|Month over Month||0.3%||0.1%||-2.1%||-2.2%|
|Year over Year||-3.6%||-2.3%||-2.1%|
The downswing in manufacturing shipments at least paused in May, but only just as sales edged up a smaller than expected 0.1 percent on the month. The minimal increase followed a slightly steeper revised 2.2 percent drop in April and left shipments 3.6 percent lower on the year after a 2.1 percent annual fall last time.
However, the advance in nominal sales was not matched by volumes which dropped a further 0.5 percent versus April and now show an annual decline of 2.7 percent.
In fact, even the overall nominal monthly increase would have disappeared but for a 22.2 percent surge in aerospace product and parts. This helped to mask relatively broad-based declines amongst the other subsectors (only six saw rises) including sizeable reversals in chemicals (3.5 percent), machinery (3.5 percent) and electrical equipment, appliance and components (4.6 percent). The only other increase of note was in petroleum and coal products (5.6 percent).
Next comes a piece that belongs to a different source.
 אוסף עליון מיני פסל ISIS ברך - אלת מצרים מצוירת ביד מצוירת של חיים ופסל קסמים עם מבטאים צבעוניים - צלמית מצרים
Elsewhere in the survey new orders gained a welcome 1.7 percent on the month but backlogs were off 1.3 percent. Still, with business inventories falling 0.5 percent, the inventory/sales ratio dipped from 1.45 months to 1.44 months, although even this remained well above its level a year ago (1.37 months).
May's manufacturing survey paints a still very subdued picture of manufacturing activity. Compared with their peak last July shipments are down nearly 7 percent and the trend in new orders is at best only flat. Today's data will not dent a majority market call for another 25 basis point cut by the BoC later today.
Manufacturing sales are the Canadian dollar level of factory shipments for manufacturing durable and nondurable goods.
Manufacturer's shipments represent the monetary level of factory shipments for durable and nondurable goods and are a relevant indicator for an export-oriented economy. The data are used by analysts to evaluate the economic health of manufacturing industries. They are also used as inputs to GDP and needless to say, these data are used by the central bank in its decision-making process.
The monthly survey of manufacturing of which shipments is a part, provides a broad look at manufacturing activity levels. The level of activity in manufacturing can be affected by the level of interest rates which slows or stimulates the demand for goods and production. Shipments are an indication of how busy factories have been as manufacturers work to fill orders. The data not only provide insight to demand for items such as refrigerators and cars, but also business investment such as industrial machinery, electrical machinery and computers. Because a large proportion of shipments are headed south of the border to the U.S. and include a wide variety of durables, shipments are affected by U.S. economic activity as well as the exchange rate. Although the focus in this report is on shipments, it also contains information on inventories and new and unfilled orders.
Results from this survey are used by both the private and public sectors including finance departments of the federal and provincial governments, the Bank of Canada, Industry Canada, the System of National Accounts, the manufacturing community, consultants and research organizations in Canada, the United States and abroad.